Support for `sm_80` `cp.async`: asynchronous on-device copies

JesseLu commented 3 years ago

I'm writing a 3D eletromagnetics FDTD code in CUDA, and it's been a lot of fun leaning on Julia's code generation utilities, combined with CUDA.jl. Thank you for all the amazing work, this definitely feels like a step forward from PyCUDA (which I previously used for a similar project).

I'm pretty sure you get this a lot (i.e. is X CUDA API exposed in CUDA.jl?), so I'm sorry if the answer is obvious. That said...

Is the memcpy_async() API exposed in CUDA.jl (https://docs.nvidia.com/cuda/cuda-c-programming-guide/index.html#memcpy-async-api). This allows one to overlap compute and memory explicitly, and is looking to be an important optimization in my code (which is heavily memory bound). Critically, use of the API can alleviate register pressure and directly move data from global to shared memory (without going to registers first).

Thank you!

maleadt commented 3 years ago

No, these aren't supported yet as even LLVM doesn't have support for the necessary intrinsics: https://reviews.llvm.org/D100394.

vchuravy commented 3 years ago

CUDA C/C++ is implementing these with inlined assembly.

JesseLu commented 3 years ago

Thank you both. Is there a pointer to the CUDA reference Valentin?

On Tue, Apr 20, 2021, 7:45 AM Valentin Churavy @.***> wrote:

CUDA C/C++ is implementing these with inlined assembly.

— You are receiving this because you authored the thread. Reply to this email directly, view it on GitHub https://github.com/JuliaGPU/CUDA.jl/issues/850#issuecomment-823334148, or unsubscribe https://github.com/notifications/unsubscribe-auth/AAFQRGIOQB2Q24U77ULOKGLTJWHSHANCNFSM43HKGKIA .

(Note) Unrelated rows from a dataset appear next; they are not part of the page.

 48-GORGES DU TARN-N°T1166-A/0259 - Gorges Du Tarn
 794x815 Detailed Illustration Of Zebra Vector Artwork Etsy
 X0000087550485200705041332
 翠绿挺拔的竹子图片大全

maleadt commented 3 years ago

Look for cp.async in $CUDA/targets/x86_64-linux/include/cuda/std/barrier.

JesseLu commented 3 years ago

Thank you!!

On Tue, Apr 20, 2021 at 11:01 PM Tim Besard @.***> wrote:

Look for cp.async in $CUDA/targets/x86_64-linux/include/cuda/std/barrier.

— You are receiving this because you authored the thread. Reply to this email directly, view it on GitHub https://github.com/JuliaGPU/CUDA.jl/issues/850#issuecomment-823800073, or unsubscribe https://github.com/notifications/unsubscribe-auth/AAFQRGPEHN3XSKBPBPBEHG3TJZS4HANCNFSM43HKGKIA .

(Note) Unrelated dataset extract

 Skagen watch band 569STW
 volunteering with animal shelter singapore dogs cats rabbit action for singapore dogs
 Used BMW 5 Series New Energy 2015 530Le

maleadt commented 2 years ago

With Hopper, this is becoming more important to target.

chengchingwen commented 1 year ago

nvvm seems to have intrinsic for asynchronous copy, would this help?

maleadt commented 1 year ago

nvvm seems to have intrinsic for asynchronous copy, would this help?

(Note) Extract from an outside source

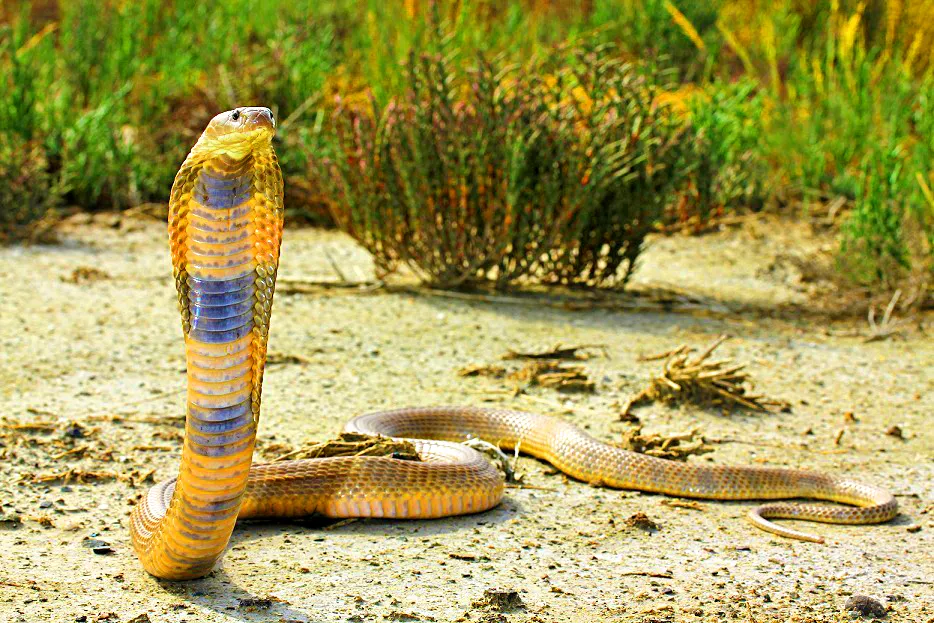 Les 21 serpents les plus venimeux et mortels 20 serpents les plus venimeux mortel cobra caspien 20-serpents-les-plus-venimeux-mortel-cobra-caspien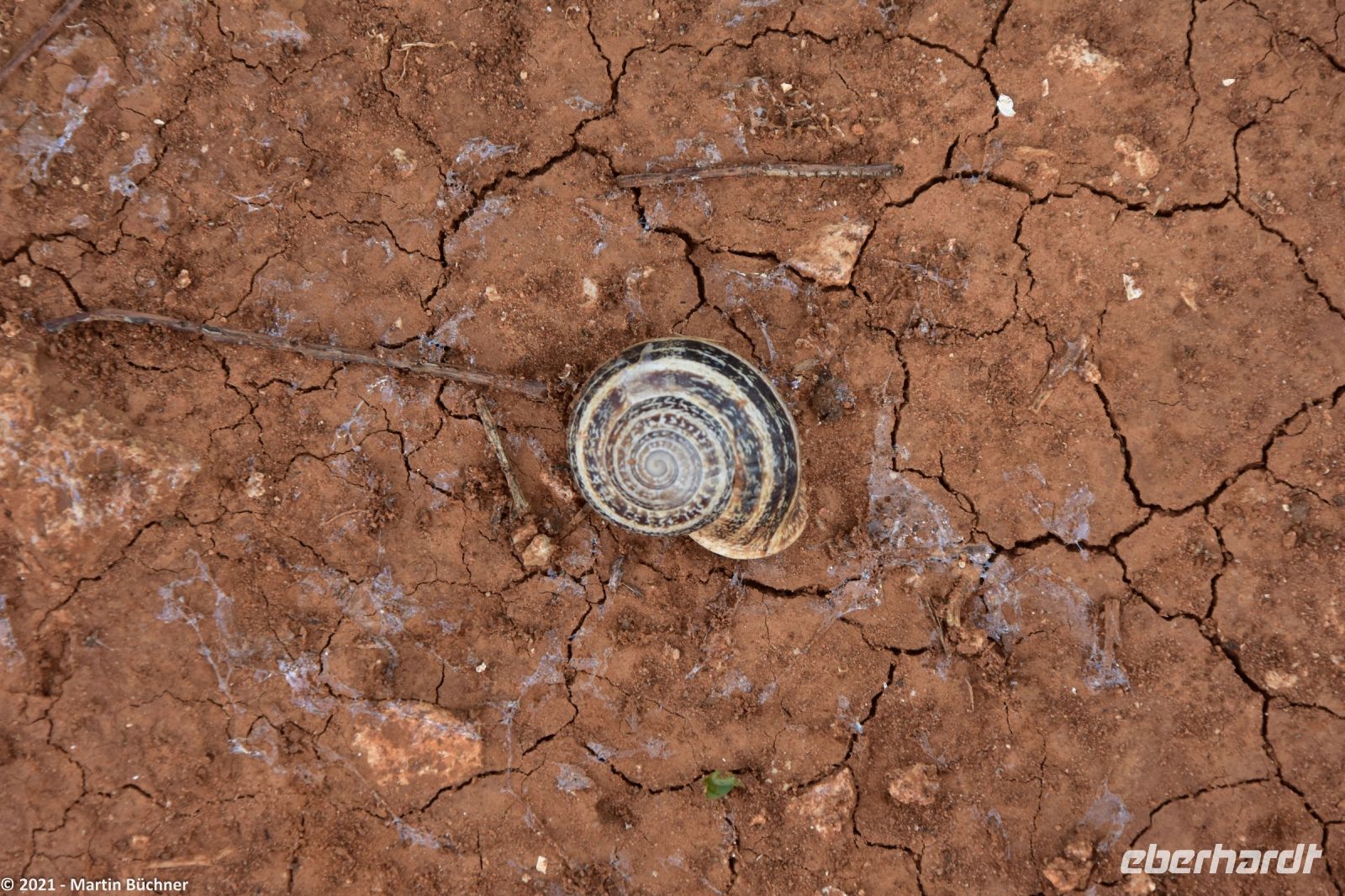 Wanderreise Menorca - Wanderung 2 - Platja de Cala Llucalari (Schlucht)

That's not NVVM, it's LLVM proper (implementing NVVM's intrinsics), so yes that would help. It also seems to be supported from LLVM 13 onwards, so we could support this on Julia 1.8+.

chengchingwen commented 1 year ago

@maleadt Any pointer on where to start?

maleadt commented 1 year ago

Calling these intrinsics is easy, you can generally derive the names from the tablegen entries (see e.g. the tests, https://github.com/llvm/llvm-project/blob/ff0aabf14dfa0a369c38f6e267c56a83ee48d647/llvm/test/CodeGen/NVPTX/async-copy.ll#L37-L40), and simply ccall them like we do for many intrinsics already, e.g. https://github.com/JuliaGPU/CUDA.jl/blob/5c51766d0a9e7819ea79f314e37ed6a8a5d24369/src/device/intrinsics/misc.jl#L8

The tricky part is figuring out a good abstraction in Julia that exposes these intrinsics. Take a look at what CUDA C does, or if the CUDA C++ interface has something more high level.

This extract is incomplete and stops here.